September 8, 2010 / 4:44 AM / 9 years ago

U.S. arms makers adjust to new realities

WASHINGTON (Reuters) - The Pentagon’s leading suppliers face a dangerous world on a tightening budget.

Robert Stevens, CEO Lockheed Martin Corp., listens to a question during the Reuters Aerospace and Defense Summit 2010 in Washington September 7, 2010. REUTERS/Molly Riley

Lockheed Martin (LMT.N) and Boeing Co (BA.N) are culling their executive ranks and scouting acquisitions to plug gaps in the face of a U.S. defense budget that is growing far slower than in years past, company executives said.

“We are absolutely convinced in our company that we’re looking at a new reality that will change the strategic operational and financial landscape of our business for the foreseeable future,” Lockheed Chief Executive Robert Stevens told the Reuters Aerospace and Defense Summit in Washington, which continues on Wednesday.

For a graphic on Defense Dept procurement see

Stevens said hundreds of executives could take buyouts at Lockheed. Boeing’s head of defense, Dennis Muilenburg, said Boeing would trim management staff 10 percent at its military aircraft business, which makes fighter jets, cargo planes and refueling aircraft among others.

Another summit guest, the head of the U.S. unit of Australia’s Austal (ASB.AX), Joseph Rella, skipped the usual car service for his appearance at Reuters’ offices. He arrived in a rental car.

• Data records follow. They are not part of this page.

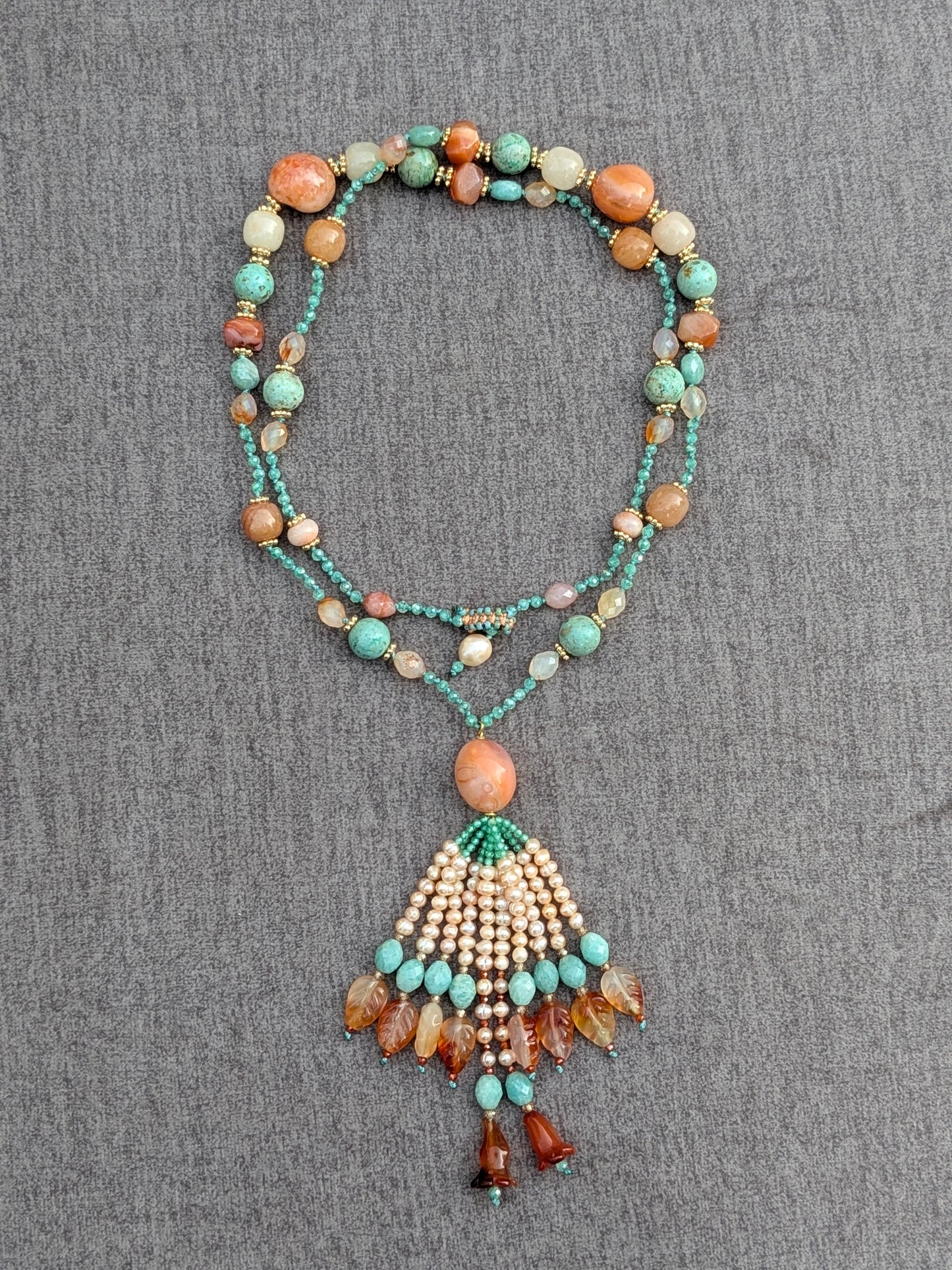 Sautoir Ratna, vue d'ensemble avec pendentif et tassel de perles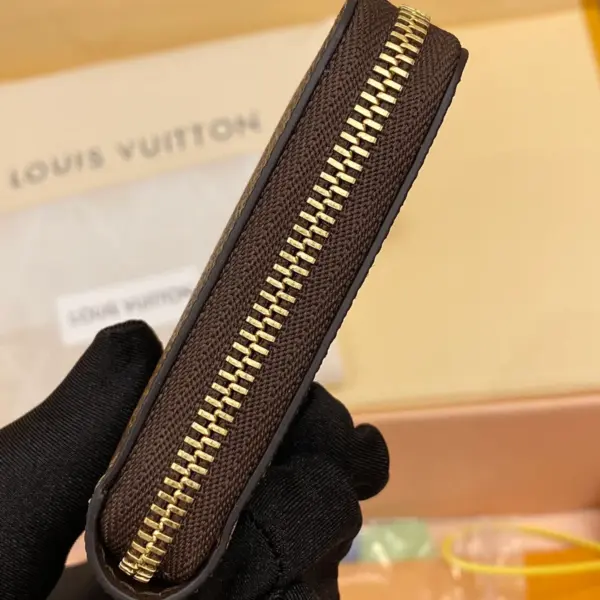 高仿包包LV Damier Ebene帆布拉链零钱包 | 经典便携多功能钱包-N63070 高仿包包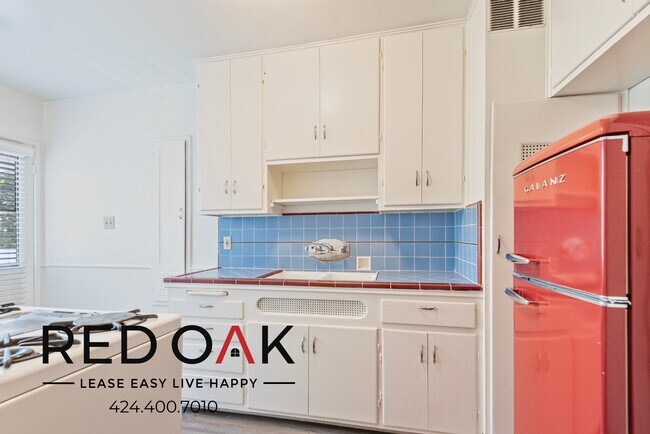 Building Photo - ~1 Month FREE~ Splendid Top Floor One Bedr...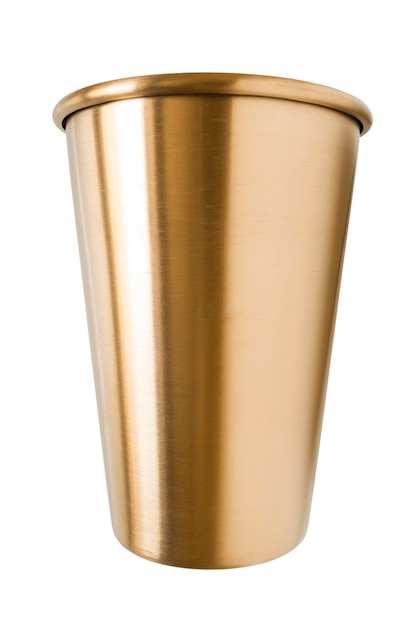Coppa metallica dorata isolata su sfondo bianco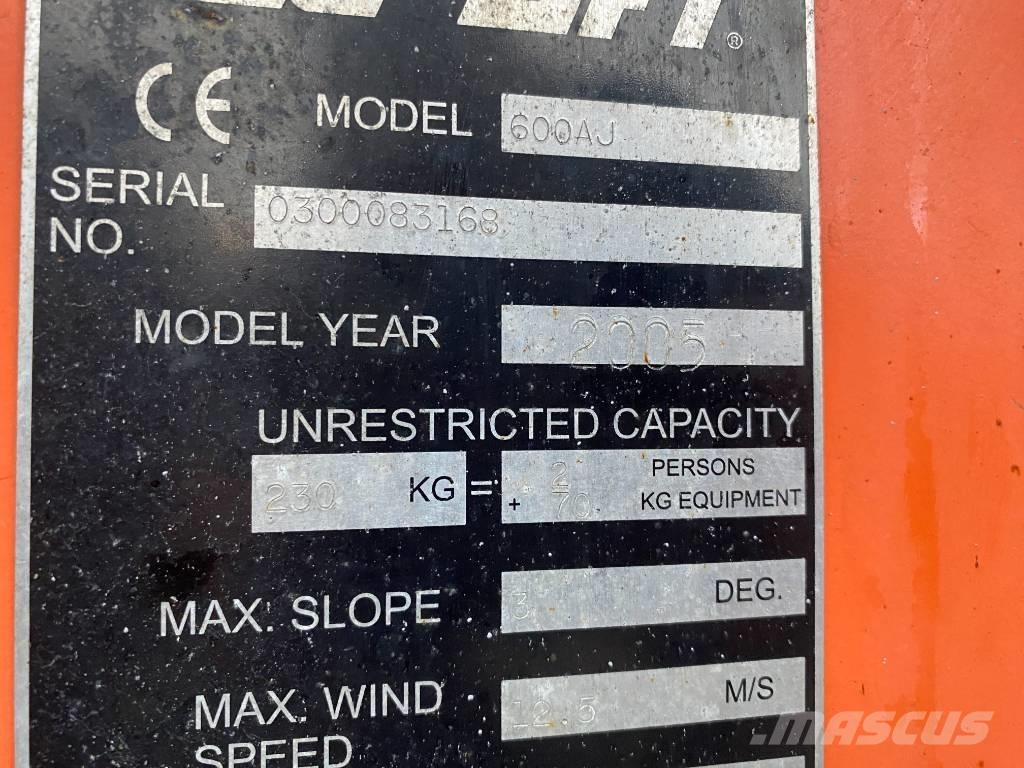 JLG 600 AJ Alkūniniai keltuvai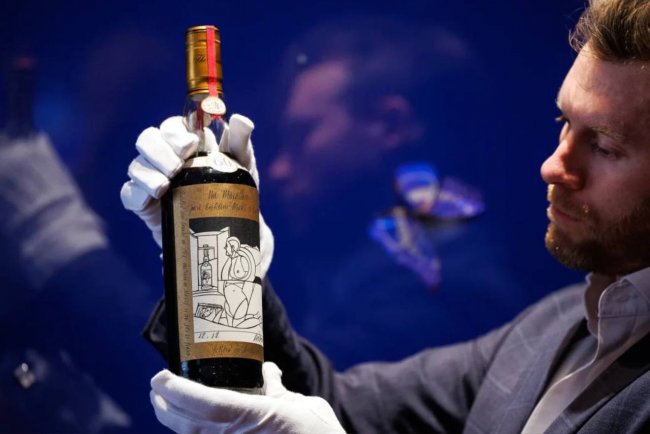 Бутылку шотландского виски Macallan продали на аукционе за рекордные $2,7 млн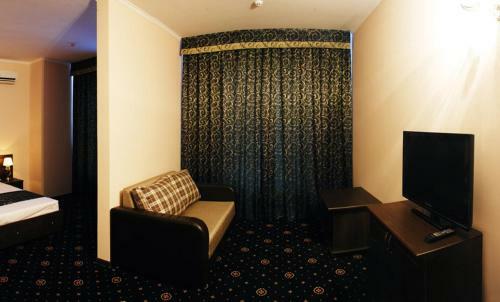 Maximus Hotel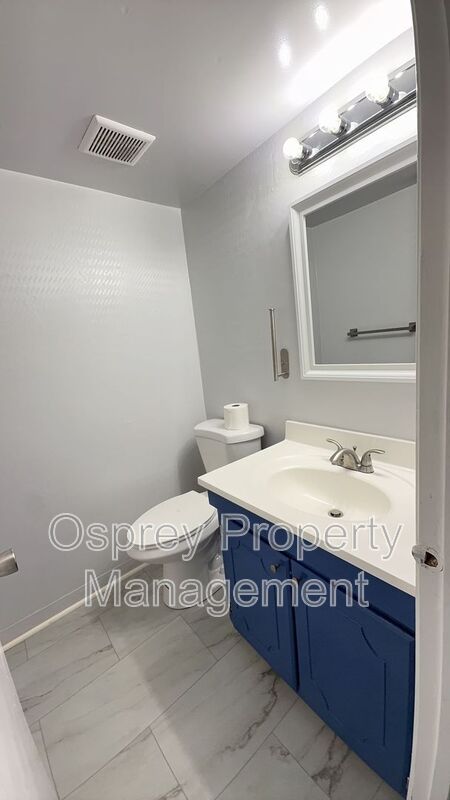 Spacious 3-Bedroom Norfolk Townhome with In-Unit Laundry and Fenced Outdoor Space - Photo 6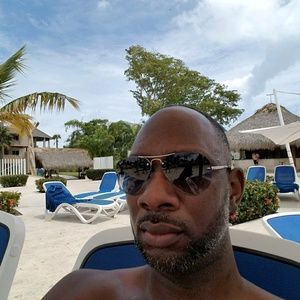 Meet your Posher, Myron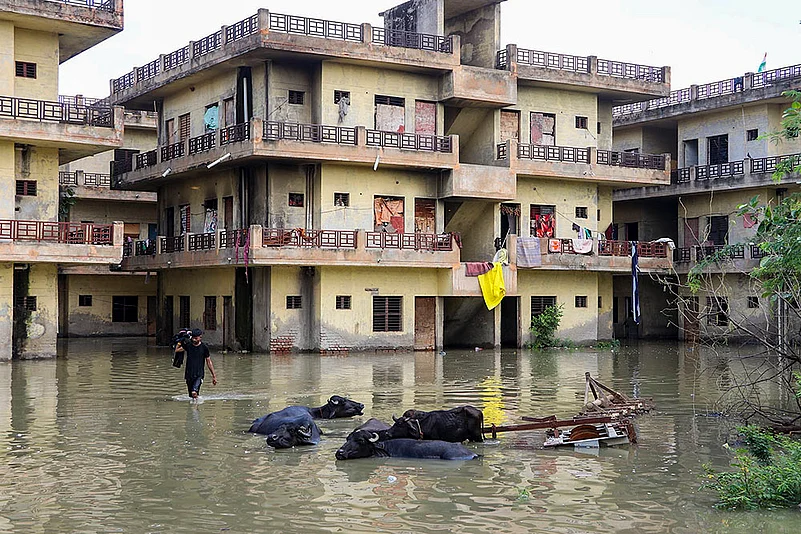 Rain in Mathura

“We’re watching our overhead,” he said.

Rella isn’t the only one watching overhead. In June, Defense Secretary Robert Gates launched a drive to squeeze $100 billion from Pentagon overhead over five years.

The Pentagon said it expects growth of 1 percent after inflation in President Barack Obama’s fiscal 2012 budget request, despite cuts expected in other government accounts.

The outlook may spur more mergers and acquisitions, particularly among businesses specializing in cybersecurity, intelligence, surveillance, reconnaissance and unmanned vehicles.

For example, Boeing is “actively” looking at potential acquisitions and will not rule out a merger with another large defense contractor, Muilenburg said on Tuesday.

Both Lockheed and Boeing, the Pentagon’s No. 1 and 2 suppliers respectively, hailed newly announced export control reforms, as well as new plans to extend and expand tax credits for research and development.

Lockheed said the loosening of export controls would help boost its international sales from the current 14 percent of overall revenue to a goal of about 20 percent over “the next few years.”

“I think our customers are demanding newer levels of productivity and efficiency,” Boeing’s Muilenburg said. “We’re fully supporting that initiative.”